#### Available records ####

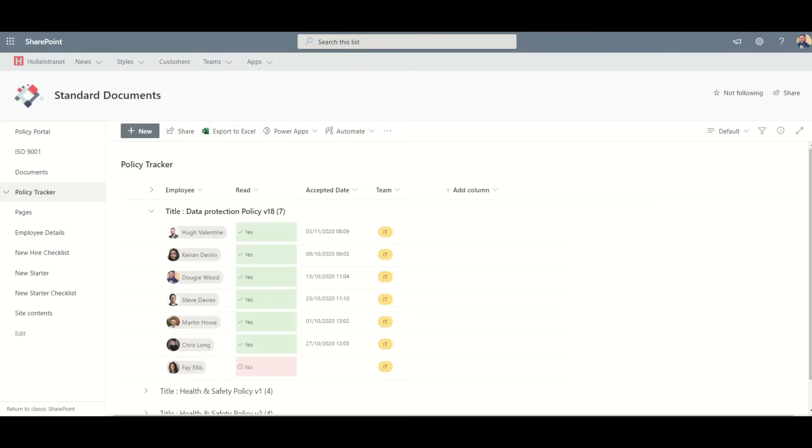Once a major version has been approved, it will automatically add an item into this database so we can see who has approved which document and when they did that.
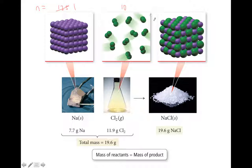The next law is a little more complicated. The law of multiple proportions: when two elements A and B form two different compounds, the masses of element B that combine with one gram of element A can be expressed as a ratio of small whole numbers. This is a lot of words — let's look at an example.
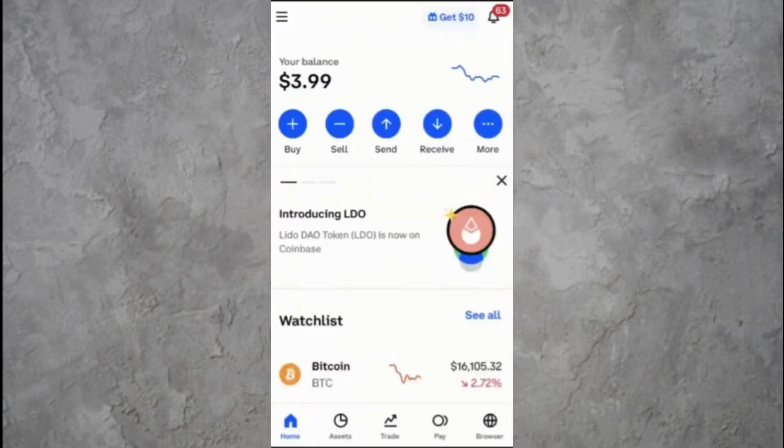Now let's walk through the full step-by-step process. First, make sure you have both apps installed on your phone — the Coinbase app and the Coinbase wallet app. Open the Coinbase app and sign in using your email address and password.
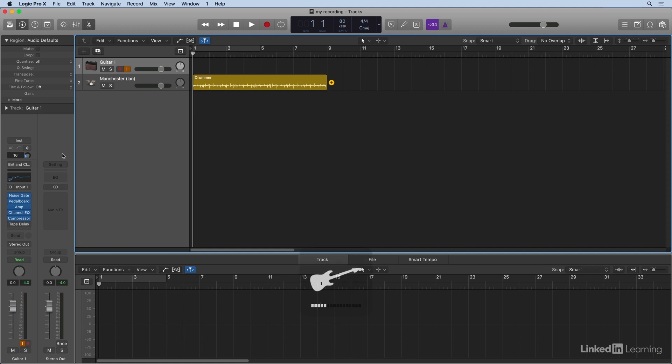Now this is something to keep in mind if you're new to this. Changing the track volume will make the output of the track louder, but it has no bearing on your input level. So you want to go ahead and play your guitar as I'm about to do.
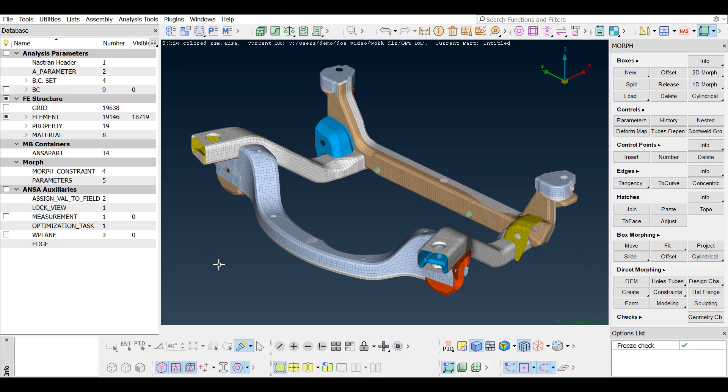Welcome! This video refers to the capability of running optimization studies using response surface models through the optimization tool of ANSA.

####

**Directions**
Repeat every record exactly, but not the pictures.

**Task solution**
Once a major version has been approved, it will automatically add an item into this database so we can see who has approved which document and when they did that.
The next law is a little more complicated. The law of multiple proportions: when two elements A and B form two different compounds, the masses of element B that combine with one gram of element A can be expressed as a ratio of small whole numbers. This is a lot of words — let's look at an example.
Now let's walk through the full step-by-step process. First, make sure you have both apps installed on your phone — the Coinbase app and the Coinbase wallet app. Open the Coinbase app and sign in using your email address and password.
Now this is something to keep in mind if you're new to this. Changing the track volume will make the output of the track louder, but it has no bearing on your input level. So you want to go ahead and play your guitar as I'm about to do.
Welcome! This video refers to the capability of running optimization studies using response surface models through the optimization tool of ANSA.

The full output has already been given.